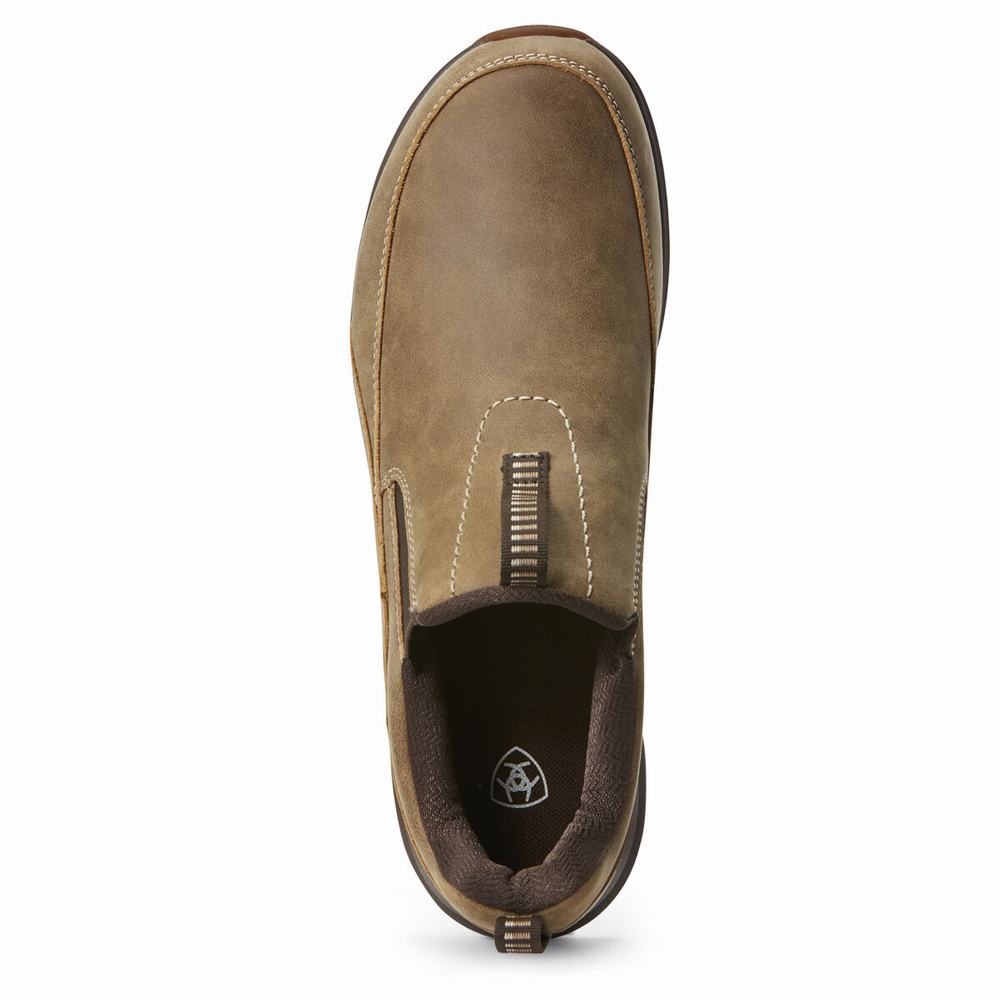 Men's Ariat Spitfire Slip On Sneakers Brown | GB1786QNG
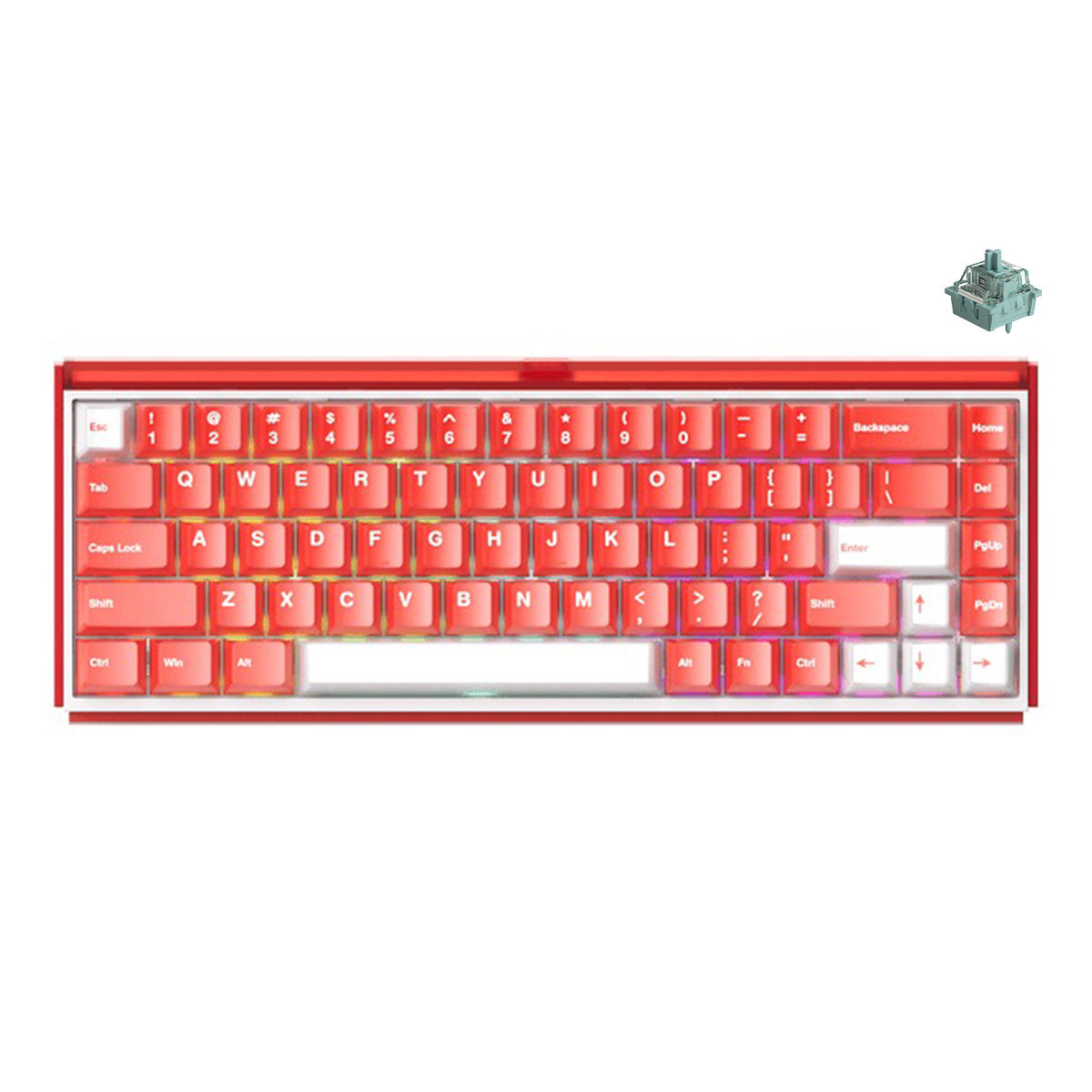 Akko Ray68 RGB Wired Mechanical Keyboard (Misty Red & White) (Akko AstroAim Magnetic Switch) (101-RA68B-004)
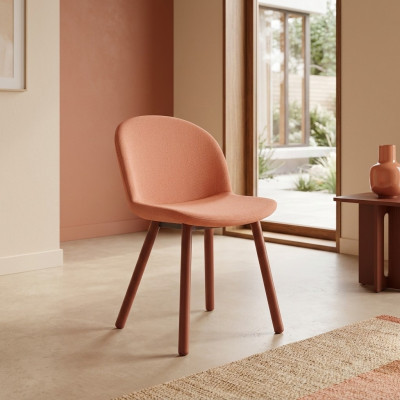 Bright Orange Upholstered Chair with Wooden Legs Designer Chairs Dining Room Furniture
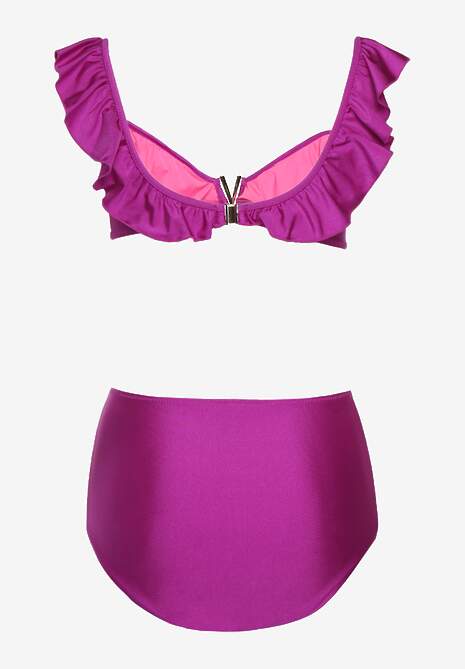 Ciemnofioletowe Bikini Biustonosz z Ozdobnymi Falbankami Majtki Typu Figi High Waist Tiamonique 6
· · · · · · ·
YOUR GOAL: A clean copy is needed of the lines above from the one with "Akko Ray68 RGB" up to and including the one with "Bright Orange Upholstered". Please set it down exactly, with no pictures.

EXERCISE ANSWER:
 Akko Ray68 RGB Wired Mechanical Keyboard (Misty Red & White) (Akko AstroAim Magnetic Switch) (101-RA68B-004)
 Bright Orange Upholstered Chair with Wooden Legs Designer Chairs Dining Room Furniture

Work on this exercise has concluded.